Title: Our Santiniketan
Author: Mahasweta Devi
Translated from the Bengali by Radha Chakravarty
Publisher: Seagull Books
ISBN: 978-0857429018
Genre: Nonfiction, Memoir
Pages: 124
Source: Publisher
Rating: 5/5
I think Bedanabala was my introduction to Mahasweta Devi’s works. That was way back in 2006, and since then I haven’t stopped reading whatever she had to offer. I think my extreme fan boy moment happened when I got to meet her briefly at Jaipur Literature Festival in 2013. As a writer, if there’s anyone that has made an impact on me, it would be her.
Our Santiniketan is a short memoir of her days spent at Santiniketan of course and how what she learned there and unlearned shaped her entire life – her thoughts, ideologies, and even her writing to a large extent.
This book is also about ageing and what you choose to remember in the form of a memoir.

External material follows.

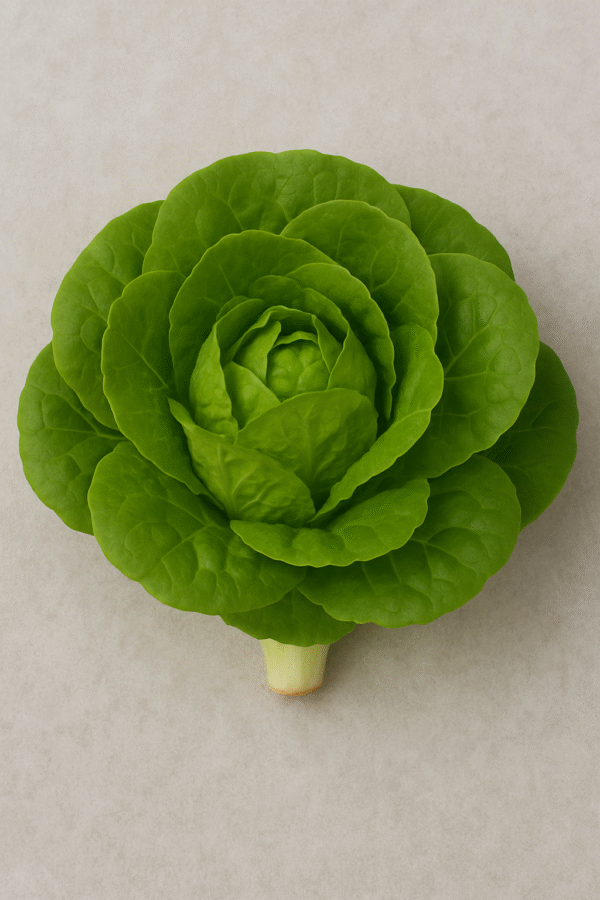 Lechuga en Domo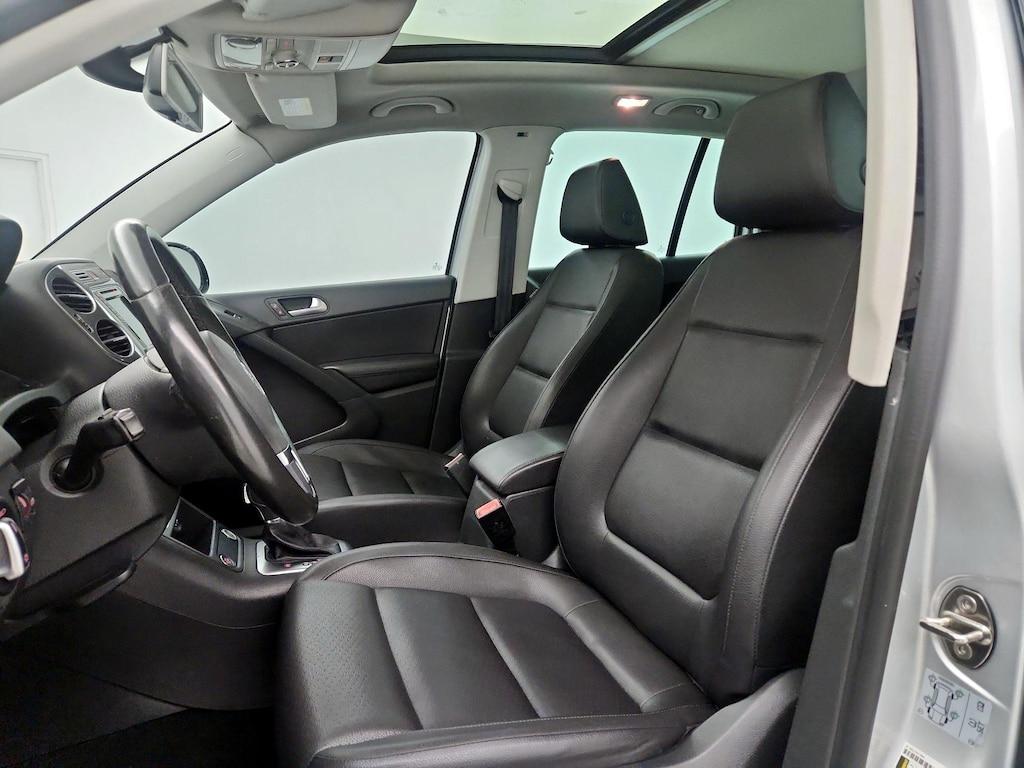 used 2016 Volkswagen Tiguan car, priced at $16,998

Mahasweta Devi brings that up in so many places in the book – subtly, and sometimes not so. It hovers throughout. But as a reader you believe it all, because that’s her writing and conviction of what she recalls.
You know as a reader that your childhood was not like the one Mahasweta Devi spent at Santiniketan and will never be. Yet, you relate when she speaks of nature and trees, the food eaten there, the friendships forged, the lessons taught, and idyllic evenings which one wouldn’t think of as the case, given the place.
Mahasweta Devi’s writing goes back and forth in time – there is the past and the present, in which she speaks to the reader as well about time being what it is and doing what it does to the nature of memory. Radha Chakravarty’s translation serves the original the way it is (you can tell a little by the tone adopted), but also adds her own element to it – I think when it comes to dialogue and some descriptions to make it easier for the reader.
Our Santiniketan is a book that must be read slowly, to be savoured really, to know more about Mahasweta Devi, her writing that came later, more importantly her family and her relationship with them, and the place that came to be second-home to her.